Ertuğrul Özkök'ten Şok İtiraf: 12 Genel Yayın Yönetmeni Aynı Sokaktan!
Eski Hürriyet Genel Yayın Yönetmeni Ertuğrul Özkök, son yazısıyla medya dünyasında bomba etkisi yarattı. Özkök, bugünün "yeni" olarak lanse edilen birçok gazeteci ve köşe yazarının, aslında "Eski Türkiye" diye eleştirilen dönemde Ankara'nın Konur Sokak'ındaki üç apartman dairesinden yetiştiğini iddia etti. Bu çarpıcı tespit, medya kulislerinde büyük yankı uyandırdı.
Konur Sokak'ın Sırrı Ne?
Ertuğrul Özkök yazısında, Konur Sokak 24 ve 27 numaradaki apartman dairelerinden tam 12 genel yayın yönetmeni çıktığını belirtiyor. Bu durum, Ankara'nın o dönemdeki gazetecilik ortamının ne kadar canlı ve etkili olduğunu gözler önüne seriyor. Özkök'ün yazısındaki satırlar şöyle:
Şimdi geriye bakıyorum da… Meğer, bugün kendine hâlâ “yeni” diyebilenlerin, “Eski Türkiye” diye yerden yere vurdukları o gazeteciler, köşe yazarları Ankara’nın bir sokağında, yarı çapı 30 metre bir coğrafyadan çıkmış.

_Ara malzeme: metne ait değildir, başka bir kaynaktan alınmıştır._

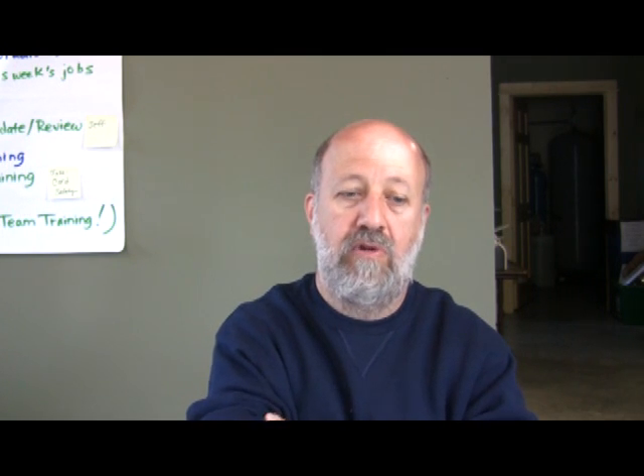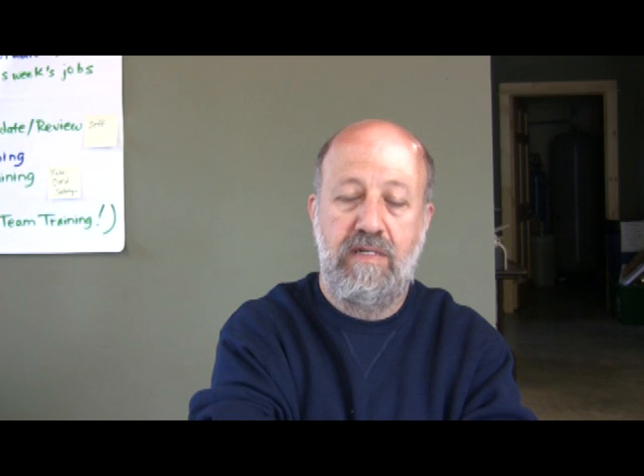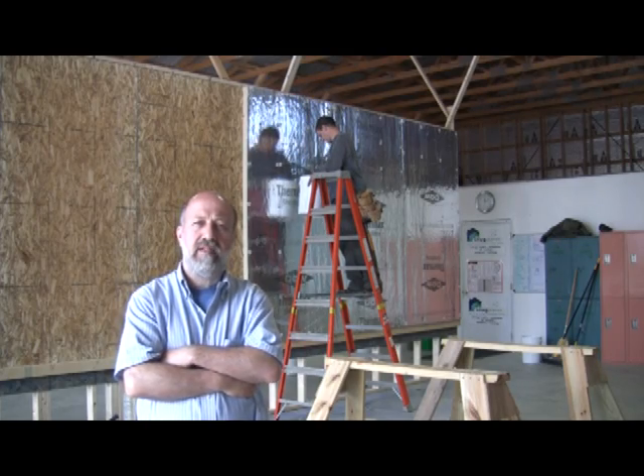As well as Snug Planet. Snug Planet is an energy efficiency firm based in Ithaca with a statewide reputation for training, quality work, safety, and significant energy savings. The idea originally came out of Snug Planet. The test wall behind me was fabricated purposely for this project. It's on the shop floor at Snug Planet.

Bu durum akıllara şu soruları getiriyor: Konur Sokak'ı bu kadar önemli kılan neydi? O dönemde bu apartmanlarda yaşayan gazeteciler arasında nasıl bir etkileşim vardı? Bu soruların cevapları, Türk medyasının geçmişine ışık tutacak nitelikte.
Medya Dünyasında Şaşkınlık Yarattı
Özkök'ün bu itirafı, medya dünyasında şaşkınlıkla karşılandı. Birçok gazeteci ve yorumcu, bu konuyu sosyal medya ve diğer platformlarda tartışmaya başladı. Bazıları, bu durumun Türkiye'deki medya elitlerinin nasıl oluştuğuna dair önemli bir ipucu olduğunu savunurken, bazıları ise bunun sadece bir tesadüf olduğunu düşünüyor.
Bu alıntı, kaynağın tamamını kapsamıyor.